→ **What this task involves**:
Would you return the data exactly as given, except for its pictures?
[Start of section]
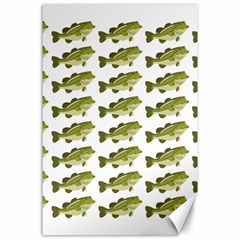 Green Small Fish Water Canvas 24  X 36 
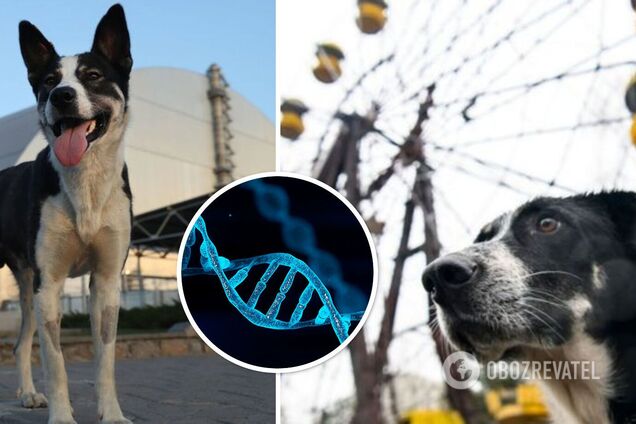 Собаки в Чернобыле имеют особые гены: что обнаружили ученые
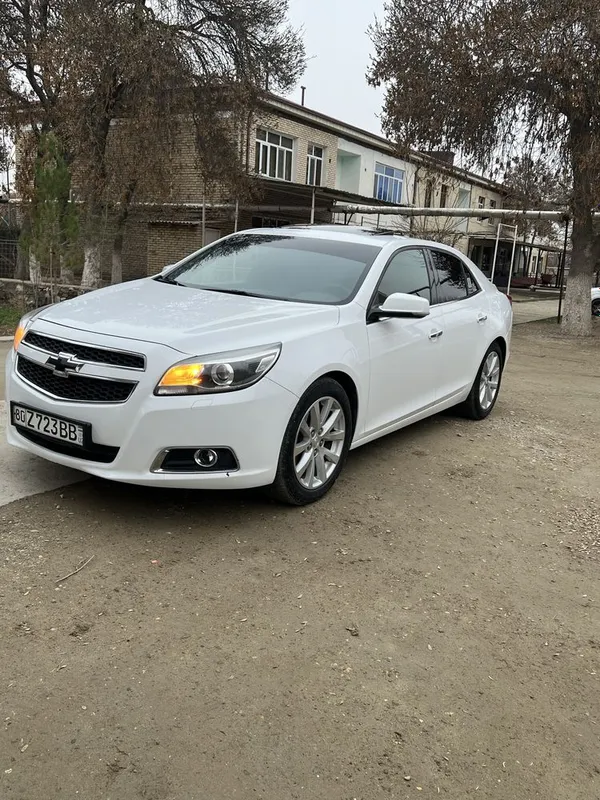 malibu 1. 3 pazitsa full 4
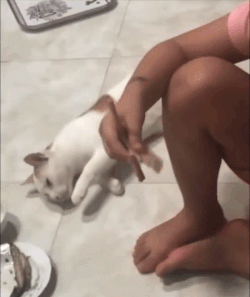 指责年轻人不够努力是一种病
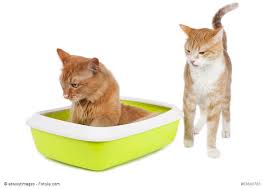 Trotzdem markiert sie weiterhin im haus alles was ihr vor die flinte kommt, stellt sich davor schwanz hoch, ein bisschen zittern und raus sind die spritzer. Pinkeln Oder Markieren Warum Ist Meine Katze Unsauber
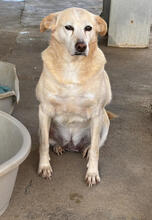 LILY, Hund, Mischlingshund in Portugal - Bild 2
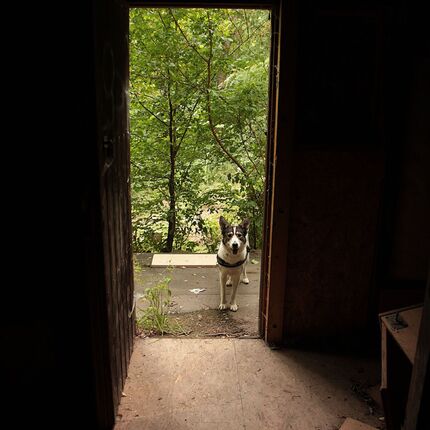 Mill from Snake river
[End of section]
→ **Result of this task**:
 Green Small Fish Water Canvas 24  X 36 
 Собаки в Чернобыле имеют особые гены: что обнаружили ученые
 malibu 1. 3 pazitsa full 4
 指责年轻人不够努力是一种病
 Trotzdem markiert sie weiterhin im haus alles was ihr vor die flinte kommt, stellt sich davor schwanz hoch, ein bisschen zittern und raus sind die spritzer. Pinkeln Oder Markieren Warum Ist Meine Katze Unsauber
 LILY, Hund, Mischlingshund in Portugal - Bild 2
 Mill from Snake river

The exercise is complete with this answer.